For someone quite young, I have a life of a very mature woman. I even daresay a very mature independent woman. Even when I was married, I called the shots in my life and in my family. I know this life and I’m comfortable in it… until I realized that I wasn’t independent at all.
I am always burdened by how I define who am I by the roles I play in life. I could never describe who I truly am without lapsing in to how I behave as a mom, as a career woman, as a daughter, etc. What about the things I like? Who am I apart from everyone else? Do I have interests outside of these responsibilities? Do I have concerns that only involve me and no one else?
I understand that I do well in the different roles I play because I’m naturally drawn to them. I love being a mom because I like to watch people grow and because I’m totally devoted to these lovely people. It’s the same reason why I like my job – I get to take care of young people and help them grow in their careers. But sometime I feel that I’m afraid to let go of these things to really experience other parts of my life.
Good relationships and independence are suppose to bring us security; they’re suppose to liberate us.

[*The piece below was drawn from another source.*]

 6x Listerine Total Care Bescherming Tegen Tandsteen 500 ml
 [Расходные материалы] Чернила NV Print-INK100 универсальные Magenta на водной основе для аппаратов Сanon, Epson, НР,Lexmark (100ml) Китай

Having secure relationships and a healthy career should remove fear or at least makes us feel that there’s a safety net. If we make mistakes, people are there to catch us. If we make the wrong investments, we still have a job we can support ourselves with. Right?
There are days that I want to just forget about what people expect of me and what role I play in other people’s lives so I can think about what I expect of myself and who I am to me. I can’t figure out what I want or need for myself because I don’t know who I am. Without the roles I play, what would be left? What would be required to sustain a happy, normal, healthy life when my kids have grown and left, when I no longer have my job, and when my parents have died?
Until I figure out these things, I’m not sure I can start another relationship. Or maybe I need to learn how to just let things go and experience the messiness of it all. But I’m always concerned with how that will upset the perfectly balanced platter I have on my head that holds all the exquistely arranged roles I play in my life. Maybe I need to rearrange things and not put the tray on my head but have it under my feet where it can catch stuff that may fall. How’s that for a start?